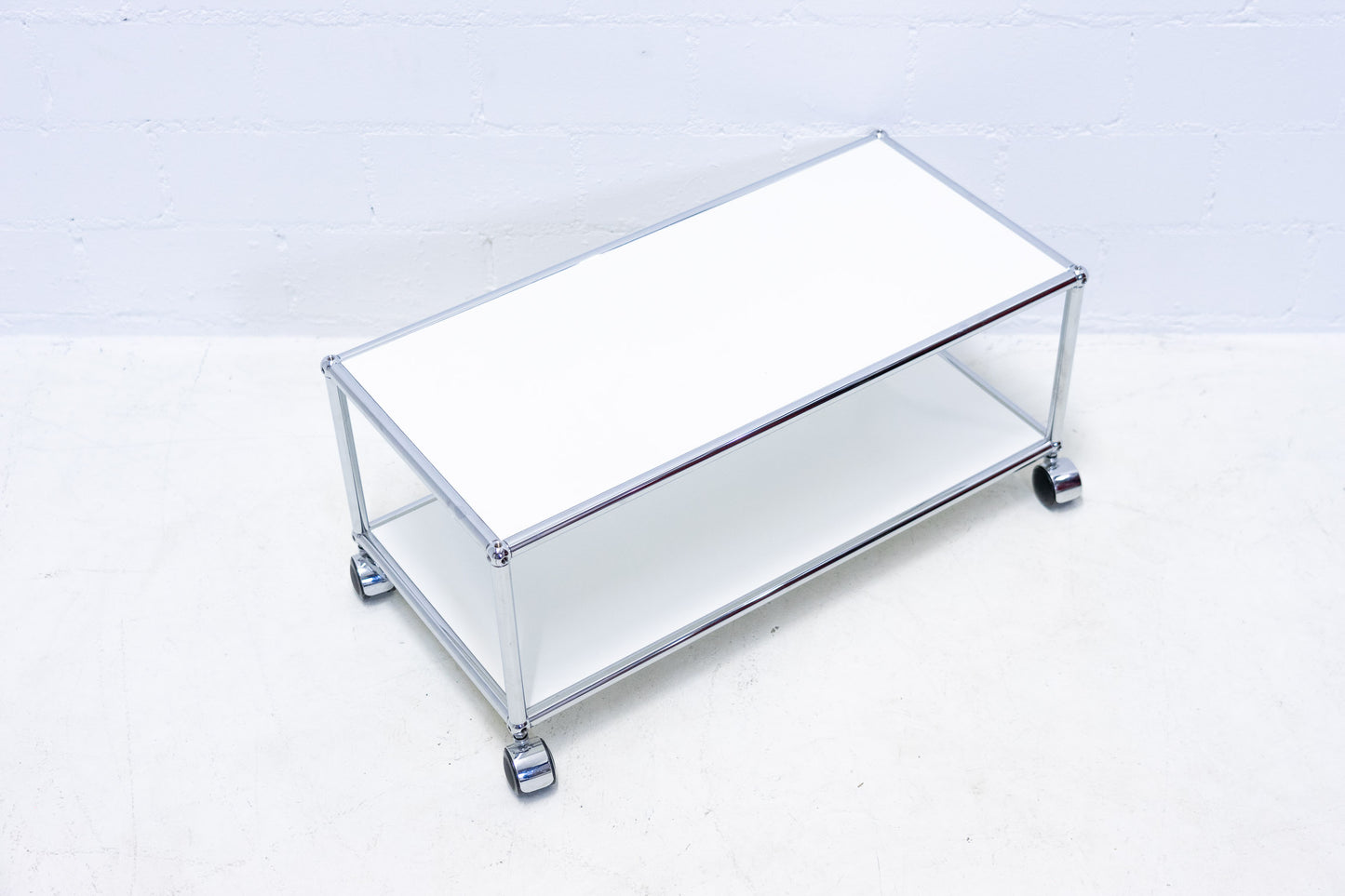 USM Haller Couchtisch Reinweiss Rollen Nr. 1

...

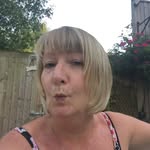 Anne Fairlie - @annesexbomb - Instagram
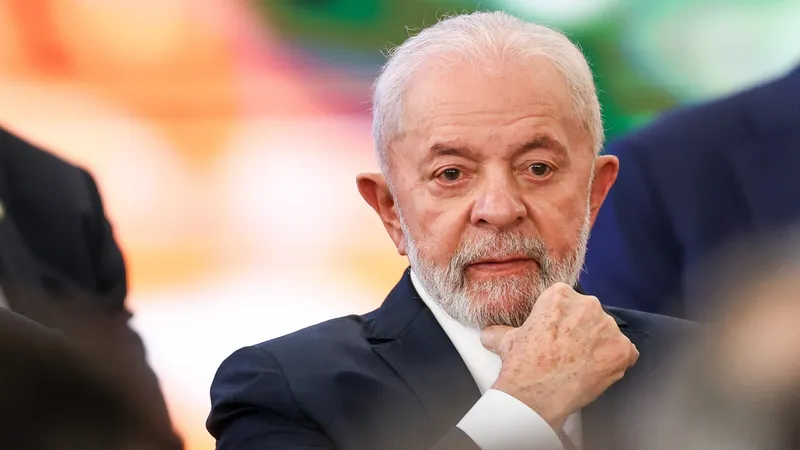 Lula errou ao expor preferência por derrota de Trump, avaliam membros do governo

PROBLEM STATEMENT
Working from the entries above, please transcribe only the lines from the line with "Anne Fairlie - @annesexbomb - Instagram" through the line with "Lula errou ao", exactly, with both end lines and without pictures.

RESPONSE TO THIS EXERCISE
 Anne Fairlie - @annesexbomb - Instagram
 Lula errou ao expor preferência por derrota de Trump, avaliam membros do governo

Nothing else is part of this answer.